Sequins!!!

Sequins is a dead-simple static database. It indexes and serves SequenceFiles over HTTP, so it's perfect for serving data created with Hadoop.

Installing

There are tarballs on the releases page. There's also a docker image, if you're into that.

Building

To create a sequins binary (you'll need go on your path):

$ git clone https://github.com/stripe/sequins
$ cd sequins
$ make

Or, to install a binary to $GOPATH/bin:

$ make install

Usage

$ sequins -b ':9599' -cr 1m hdfs://namenode:8020/path/to/mydata

That tells sequins to load your data from HDFS, and check every minute for new versions, and then bind to the port 9599 and listen for requests. The URL can point to HDFS, or s3, or just be a local path.

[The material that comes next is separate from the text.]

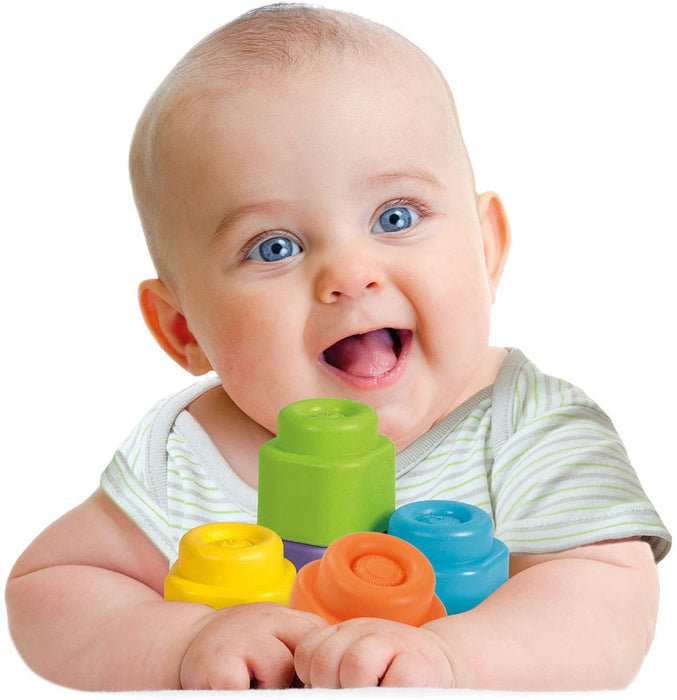 Baby Clementoni Interactive Baby Easel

Sequins expects your data to be versioned. Inside the top-level directory you you specify, you should have subdirectories, like this:

/mydata/
  version0/
    part-00000
    part-00001
    ...
  version1/
    ...

The versions can be timestamps, dates, or anything - sequins will automatically choose whichever version is the greatest, in lexicographical order.

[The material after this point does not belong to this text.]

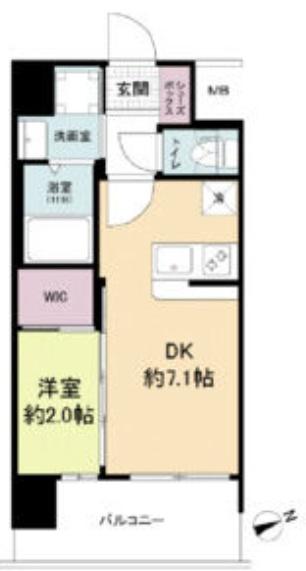 セレニテ難波ミラク壱番館
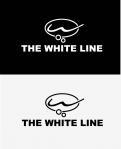 Logo design # 867189 for The White Line contest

This may seem a little weird, but it works really well for aggregates that you produce perodically, and it allows sequins to easily hotload new data (see the corresponding section, below).

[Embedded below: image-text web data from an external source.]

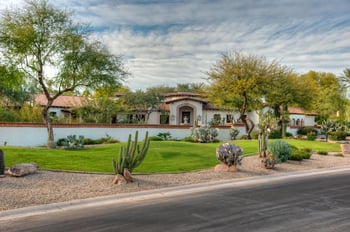 9024 N Kober Rd, Paradise Valley, AZ 85253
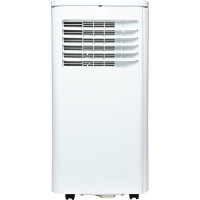 Solight mobilní klimatizace 9000 BTU, smart WiFi, chlazení, odvlhčování, ventilátor
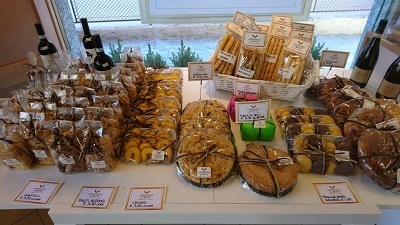 Images Roberto Pastry e  Bakery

Once sequins has started and built the index, you can get the value for a given key over HTTP. The body of the response will be the result, or if the key doesn't exist, it'll give you a 404. For example:

$ http localhost:9599/foo
HTTP/1.1 200 OK
Accept-Ranges: bytes
Content-Length: 3
Content-Type: text/plain; charset=utf-8
Date: Thu, 04 Sep 2014 11:42:01 GMT
Last-Modified: Thu, 04 Sep 2014 11:39:38 GMT

bar

$ http localhost:9599/baz
HTTP/1.1 404 Not Found
Content-Length: 0
Content-Type: text/plain; charset=utf-8
Date: Thu, 04 Sep 2014 11:42:20 GMT

Note the Last-Modified header: this corresponds to the last time sequins was given new data (see 'hotloading', below). Sequins will also happily (and correctly) respond to requests with a Range header.

Hotloading

Sequins knows how to hotload new data without dropping any requests. After you've dropped a new, lexicographically-greater version into your top-level directory, just send SIGHUP to the running process:

kill -HUP <pid>

and it'll download the files (if necessary), build an index in the background, then switch when it's done. If it fails while building the new index for some reason, it'll continue to serve the current one.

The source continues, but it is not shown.